• SUPPLIED DATA
········

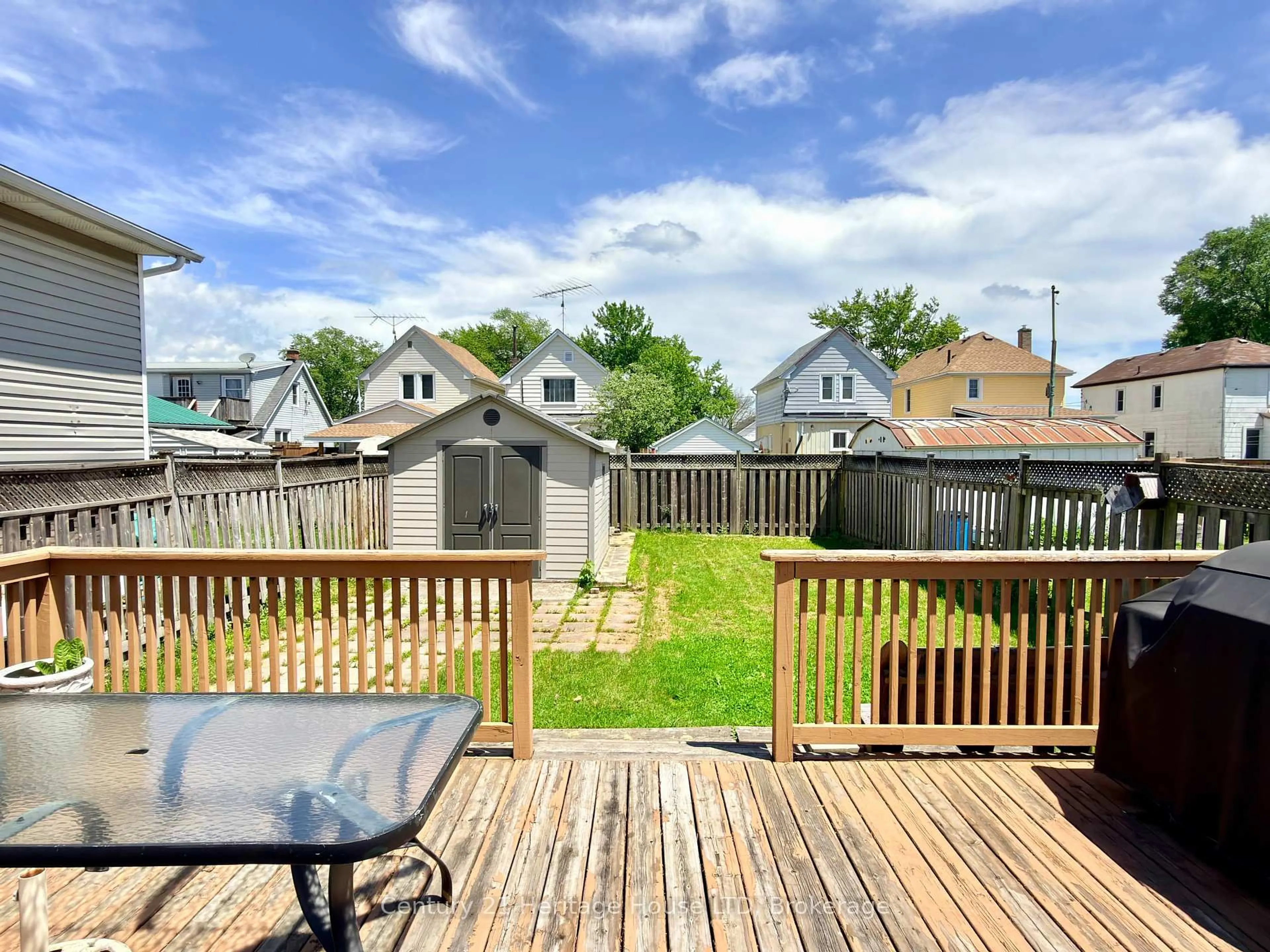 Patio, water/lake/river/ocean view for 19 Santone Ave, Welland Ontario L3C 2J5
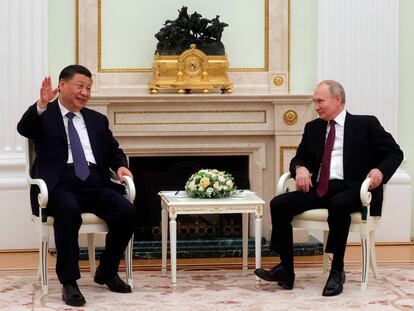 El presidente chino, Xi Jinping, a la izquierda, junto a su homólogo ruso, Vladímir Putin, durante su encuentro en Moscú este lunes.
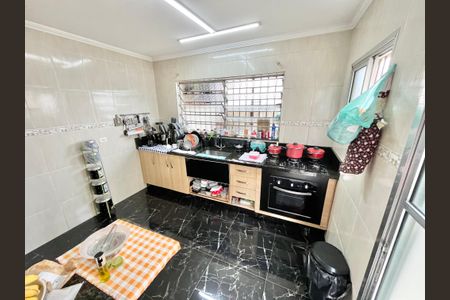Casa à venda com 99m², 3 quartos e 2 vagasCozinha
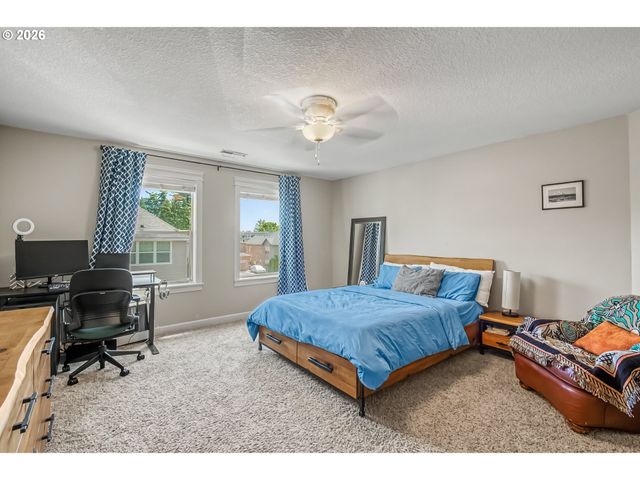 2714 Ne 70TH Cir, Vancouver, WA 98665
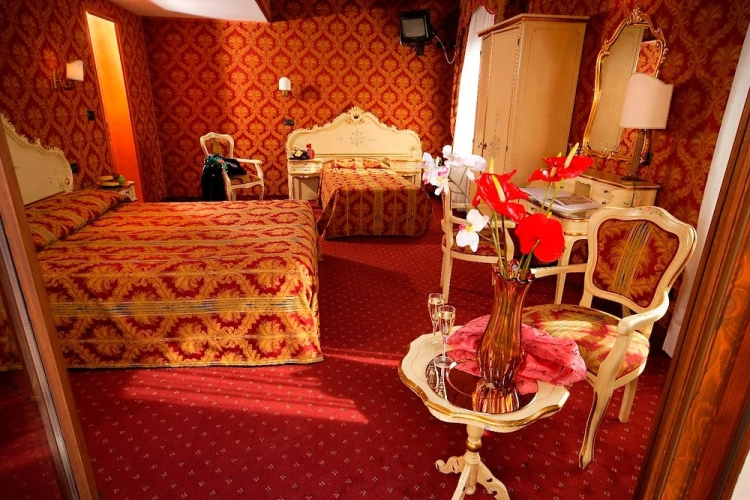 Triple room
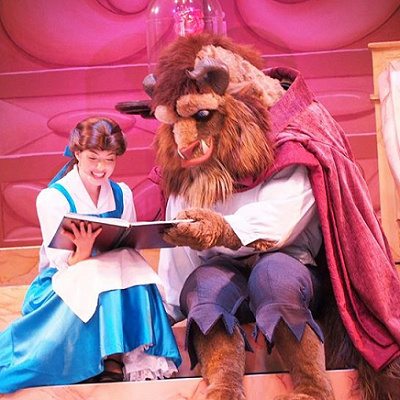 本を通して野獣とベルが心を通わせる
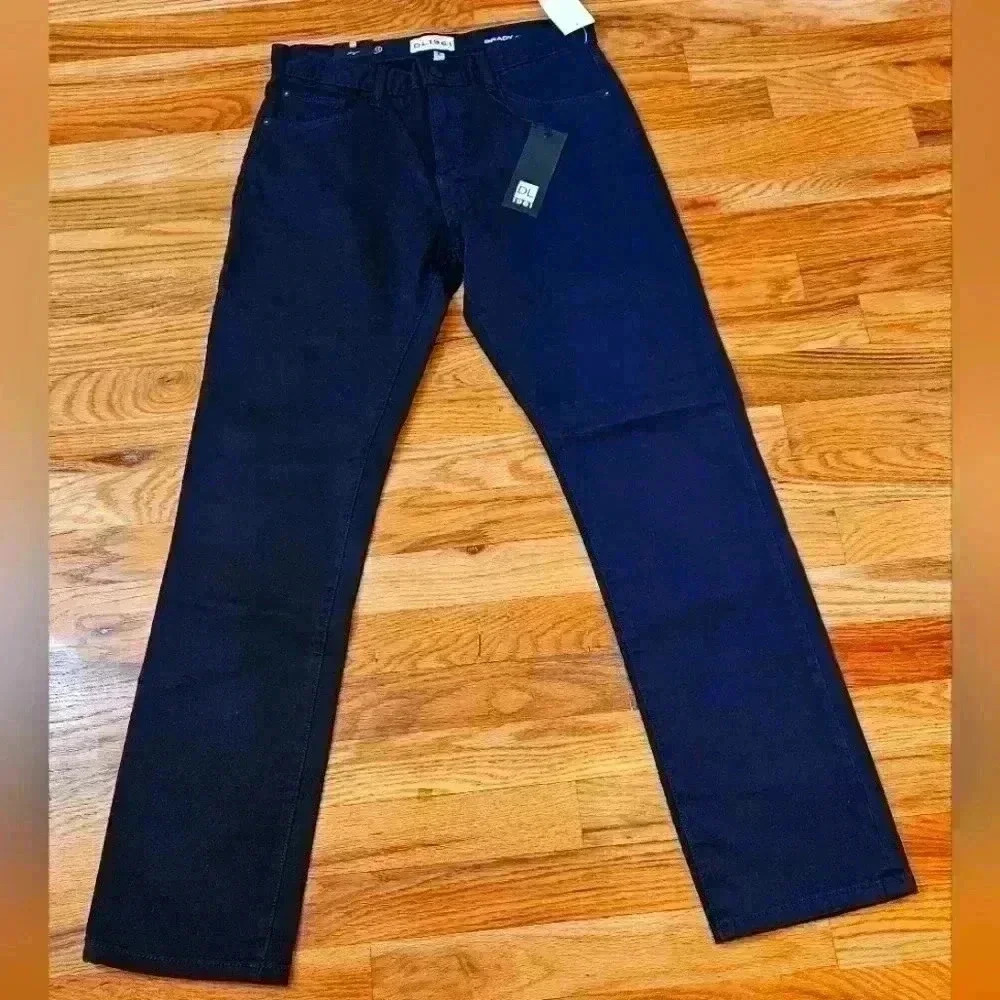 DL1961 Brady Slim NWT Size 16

········

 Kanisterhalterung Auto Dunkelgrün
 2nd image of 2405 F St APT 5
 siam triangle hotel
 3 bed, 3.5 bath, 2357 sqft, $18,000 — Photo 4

········

• TASK DETAILS
When the line with "2nd image of 2405 F St APT 5" is reached in the data above, start copying there, and copy each line exactly until the line with "3 bed, 3.5 bath, 2357" has been copied; copy nothing else.

• OUTPUT OF THE TASK
 2nd image of 2405 F St APT 5
 siam triangle hotel
 3 bed, 3.5 bath, 2357 sqft, $18,000 — Photo 4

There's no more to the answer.